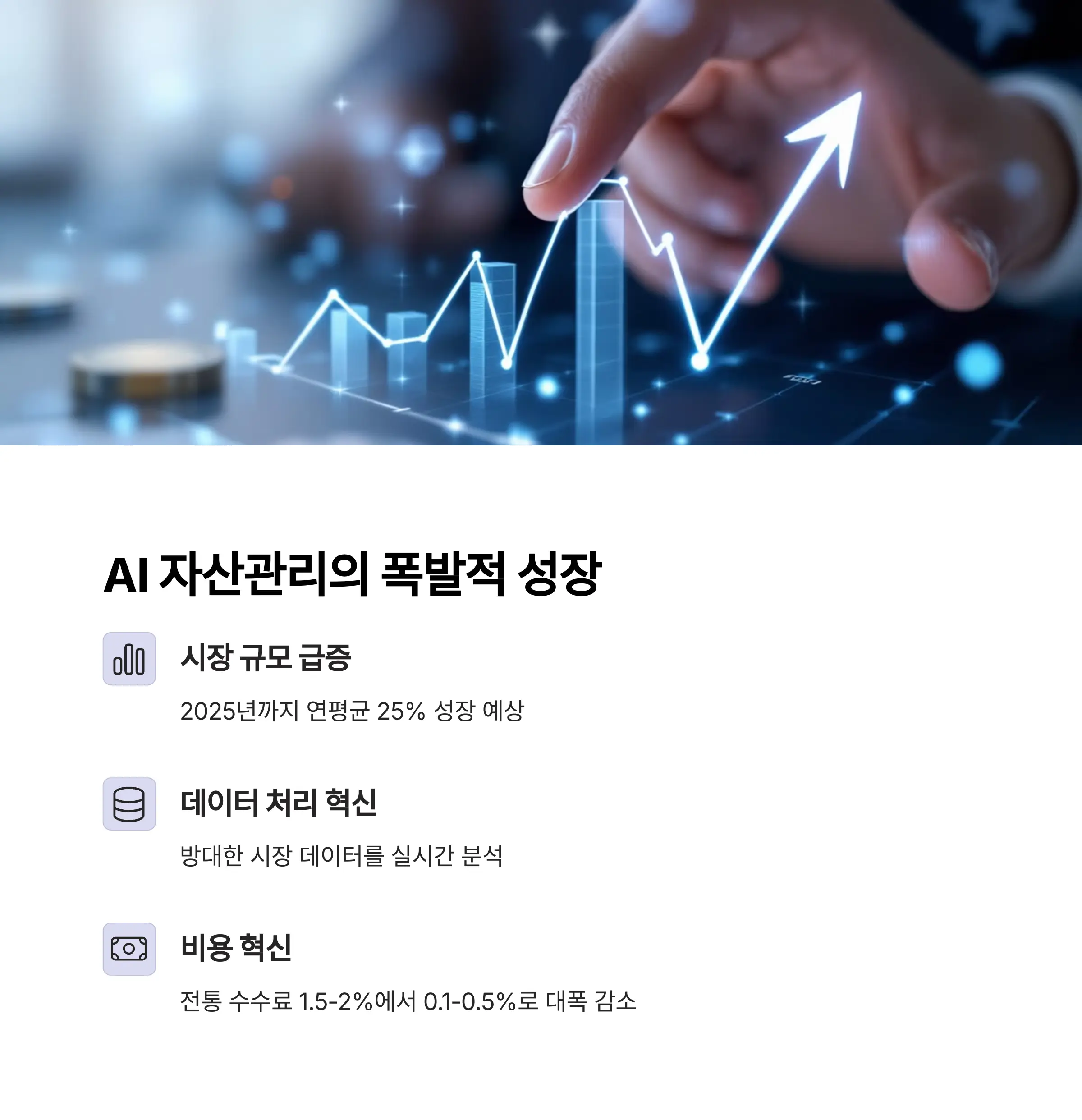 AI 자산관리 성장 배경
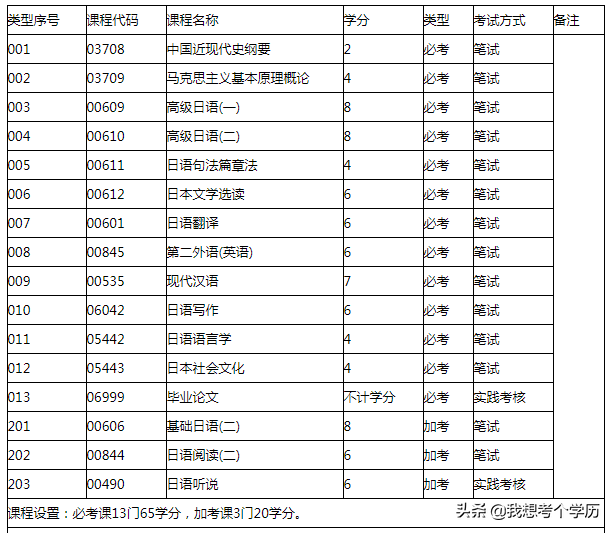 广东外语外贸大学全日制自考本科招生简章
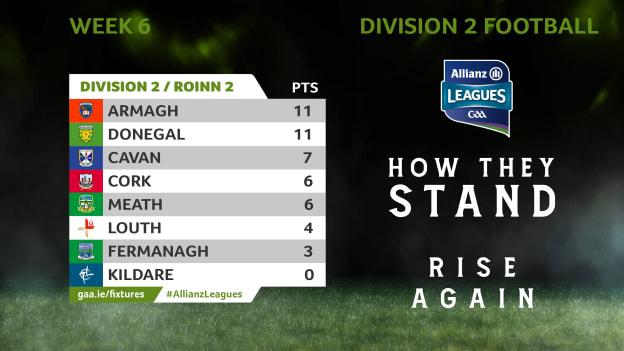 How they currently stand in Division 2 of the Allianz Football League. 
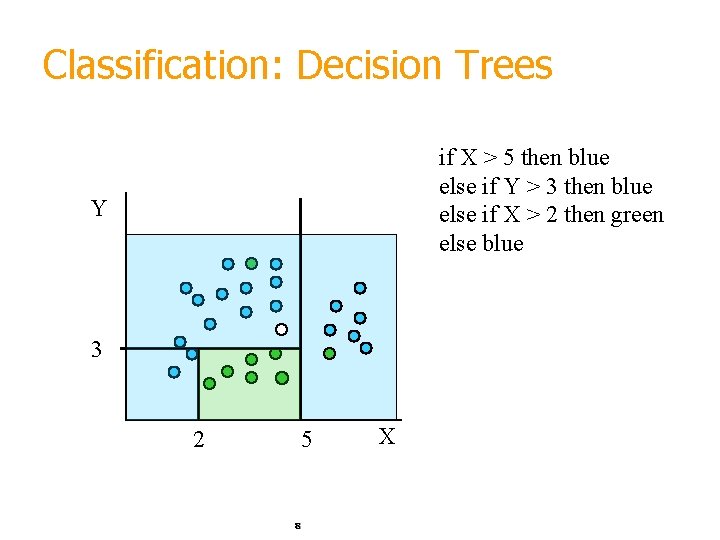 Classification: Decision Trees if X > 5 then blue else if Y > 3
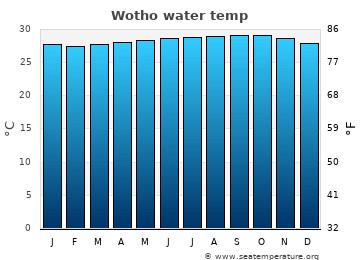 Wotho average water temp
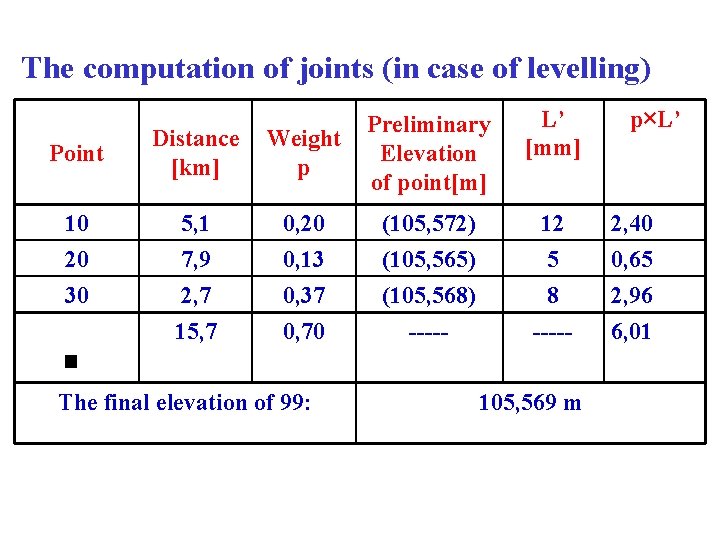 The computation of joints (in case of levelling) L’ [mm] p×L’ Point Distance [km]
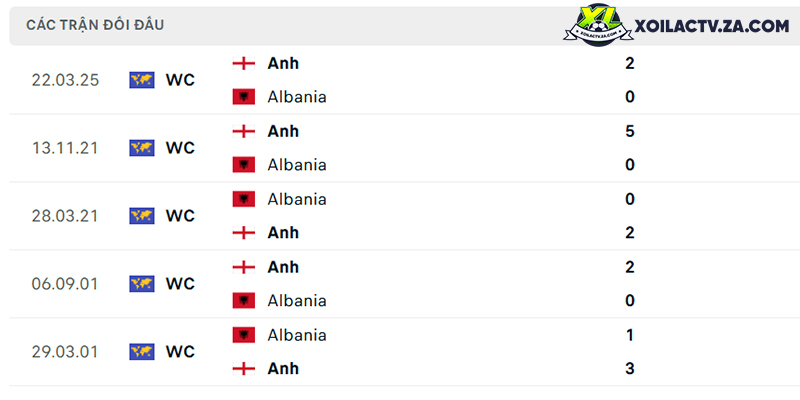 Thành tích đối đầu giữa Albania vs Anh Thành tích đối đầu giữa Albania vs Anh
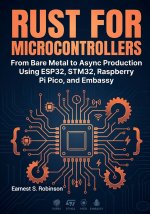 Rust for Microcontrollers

* * *

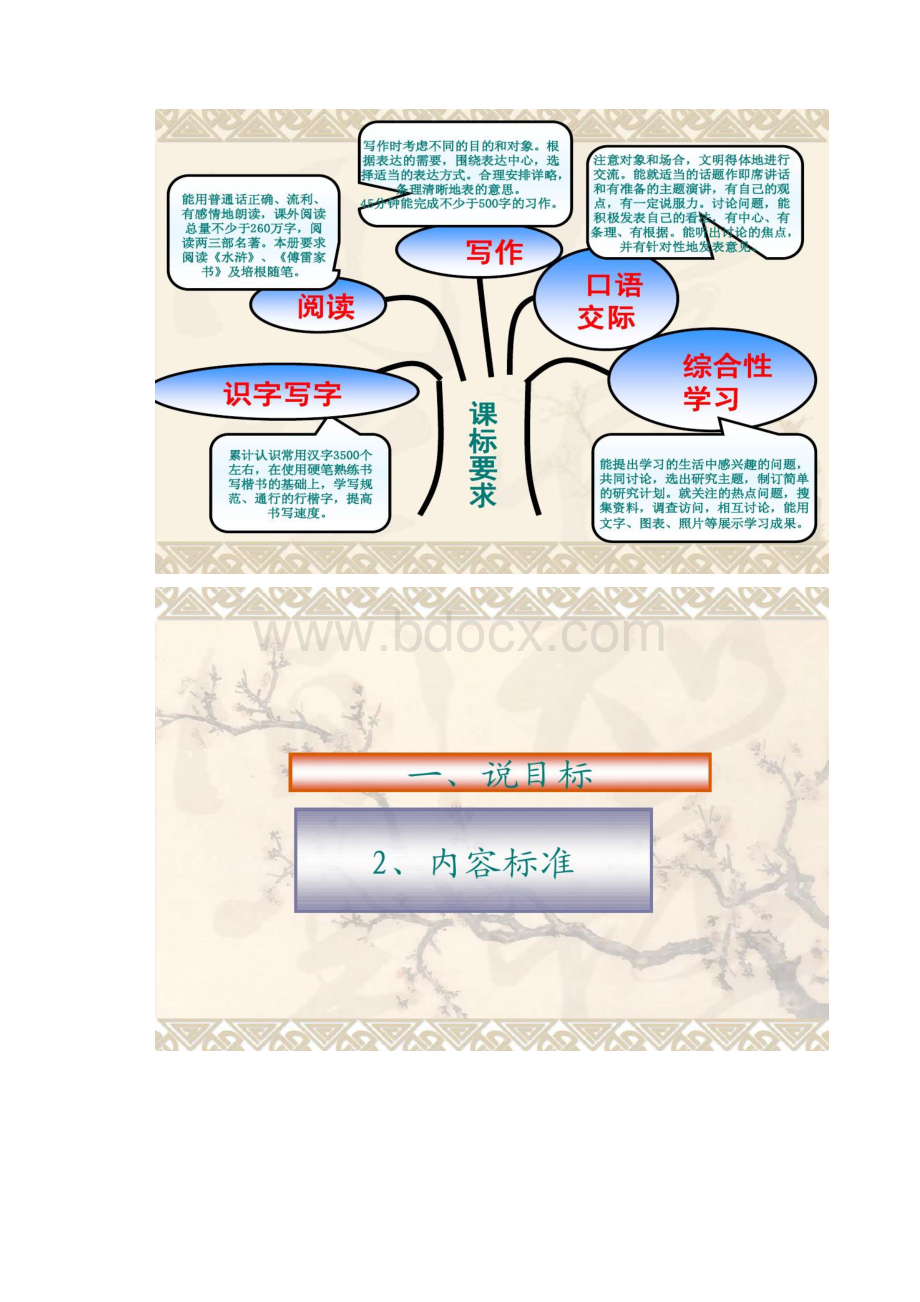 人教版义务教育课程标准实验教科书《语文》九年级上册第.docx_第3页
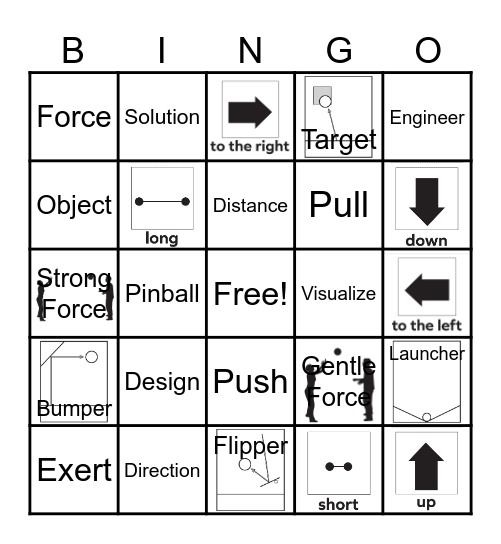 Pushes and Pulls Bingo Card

---

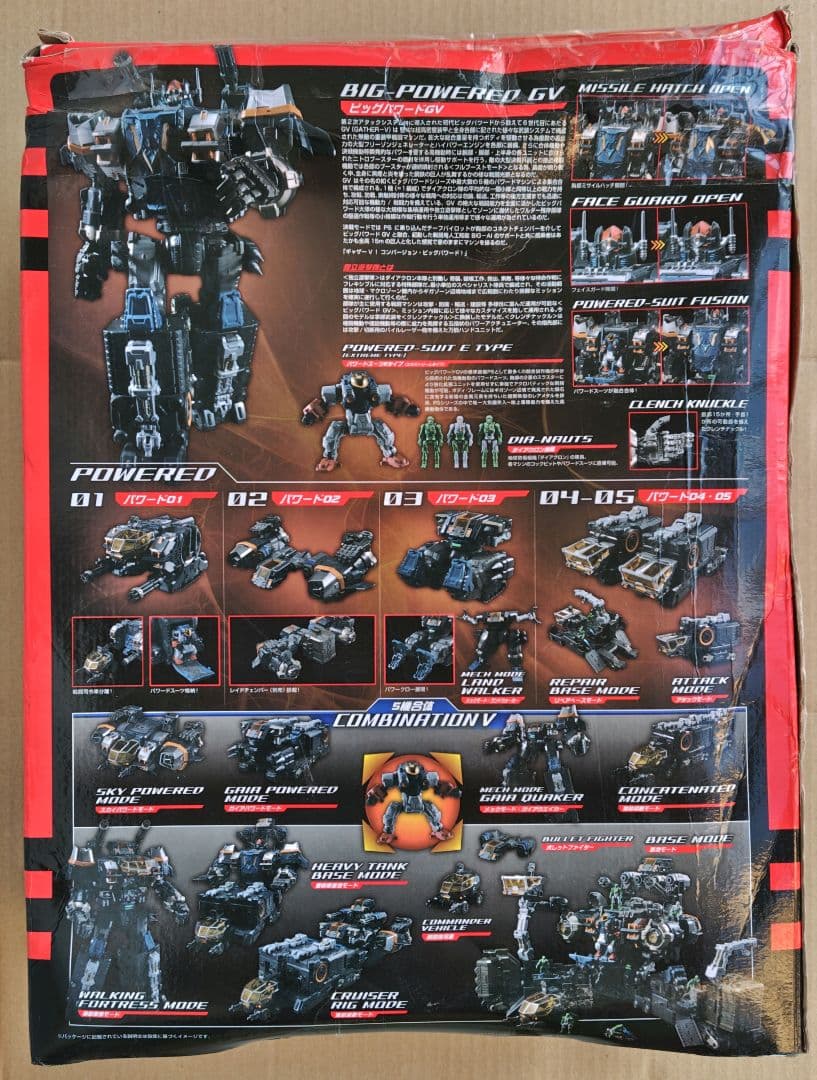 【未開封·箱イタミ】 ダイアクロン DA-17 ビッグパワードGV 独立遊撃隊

## ASSIGNMENT
Using the data above, retype exactly the lines from the line with "人教版义务教育课程标准实验教科书《语文》九年级上册第.docx_第3页" to the line with "Pushes and Pulls Bingo Card", inclusive. No pictures and nothing else.

## SOLVED EXERCISE
 人教版义务教育课程标准实验教科书《语文》九年级上册第.docx_第3页
 Pushes and Pulls Bingo Card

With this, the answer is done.